Artigo 1.- Definição.- Para efeitos da presente Lei, entende-se por economia popular e Solidária a forma de organização econômica, em que seus integrantes, individual ou coletivamente, organizam e desenvolvem processos de produção, trocas, comercialização, financiamento e consumo de bens e serviços, para satisfazer necessidades e gerar renda, baseadas em relações de solidaridade, cooperação e reciprocidade, privilegiando o trabalho e o ser humano como sujeito e fim de sua atividade, orientada ao bem viver, em harmonia com a natureza, sobre a apropriação, o lucro e a acumulação de capital.

Artigo 2.- Âmbito.- Se regem pela presente lei, todas as pessoas físicas e jurídicas, e demais formas de organização que, de acordo com a Constituição, conformam a economia popular e solidária e o setor Financeiro Popular e Solidário; e, as instituições públicas encarregadas da reitoria, regulação, controle, fortalecimento, promoção e acompanhamento.

As disposições da presente Lei não se aplicarão às formas associativas sindicais, profissionais, laborais, culturais, desportivas, religiosas, entre outras, cujo objeto social principal não seja a realização de atividades econômicas de produção de bens ou prestação de serviços.

Tampouco serão aplicáveis as disposições da presente Lei aos mutuais e fundos de inversão, as mesmas que se regirão pela Lei Geral de Instituições do Sistema Financeiro e Lei de Mercado de Valores, respectivamente.

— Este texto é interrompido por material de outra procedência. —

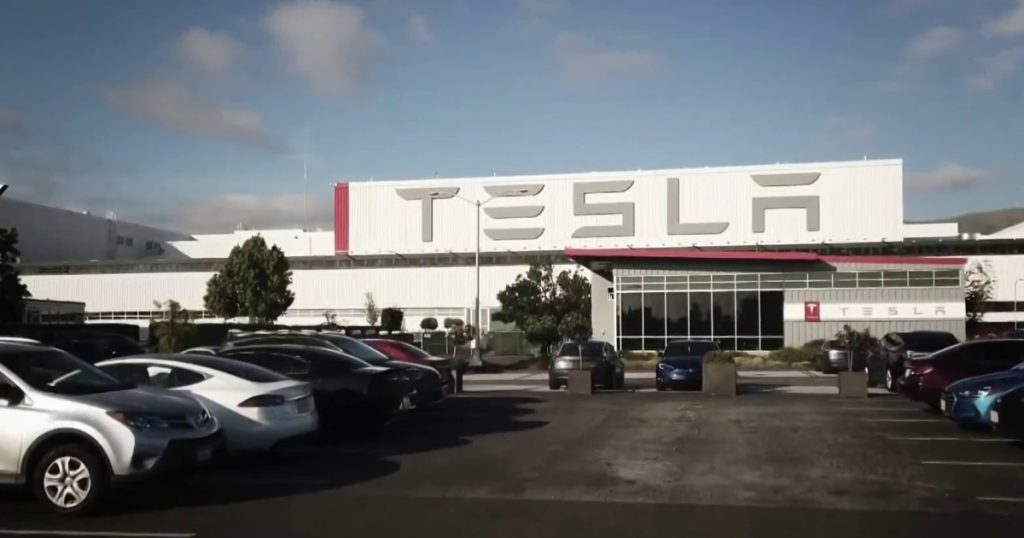 1713926636374 now topstory tesla revenue drop 240423 1920x1080 vdstaz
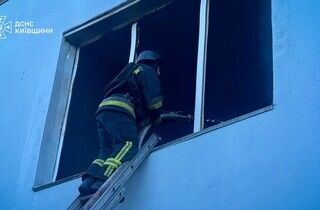 Ранкова атака на Київщину: у Бучанському районі палають склади, двоє поранених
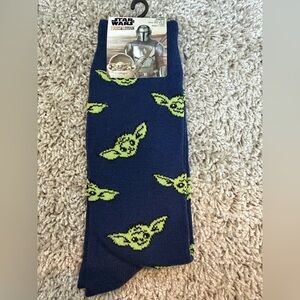 Star Wars The Child Pattern Navy & Green Men's Crew Socks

Artigo 3.- Objeto.- A presente Lei tem por objeto:

Reconhecer, fomentar e fortalecer a Economia Popular e Solidária e o Setor Financeiro Popular e Solidário em seu exercício e relação com os demais setores da economia e com o Estado;

Potencializar as práticas da economia popular e solidária que se desenvolvem nas comunas, comunidades, povos e nacionalidades (nações indígenas), e em suas unidades econômicas produtivas para alcançar o Sumak Kawsay;

Estabelecer um marco jurídico comum para as pessoas físicas e jurídicas que integram a Economia Popular e Solidária e do Setor Financeiro Popular e Solidário;

Instituir o regime de direitos, obrigações e benefícios das pessoas e organizações sujeitas a esta lei; e,
Estabelecer a institucionalidade pública que exercerá a reitoria, regulação, controle, fomento e acompanhamento.

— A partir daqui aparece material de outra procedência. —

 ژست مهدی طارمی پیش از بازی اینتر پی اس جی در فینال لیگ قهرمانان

Artigo 4.- Princípios.- As pessoas e organizações amparadas por esta lei, no exercício de suas atividades, se guiarão pelos seguintes princípios, segundo corresponda:

A busca do bem viver e do bem comum;

A prioridade do trabalho sobre o capital e dos interesses coletivos sobre os individuais;

O comércio justo e consumo ético e responsável;

A equidade de gênero;

O respeito à identidade cultural;

A autogestão;

A responsabilidade social e ambiental, a solidariedade e responsabilização; e,

A distribuição equitativa e solidária de excedentes.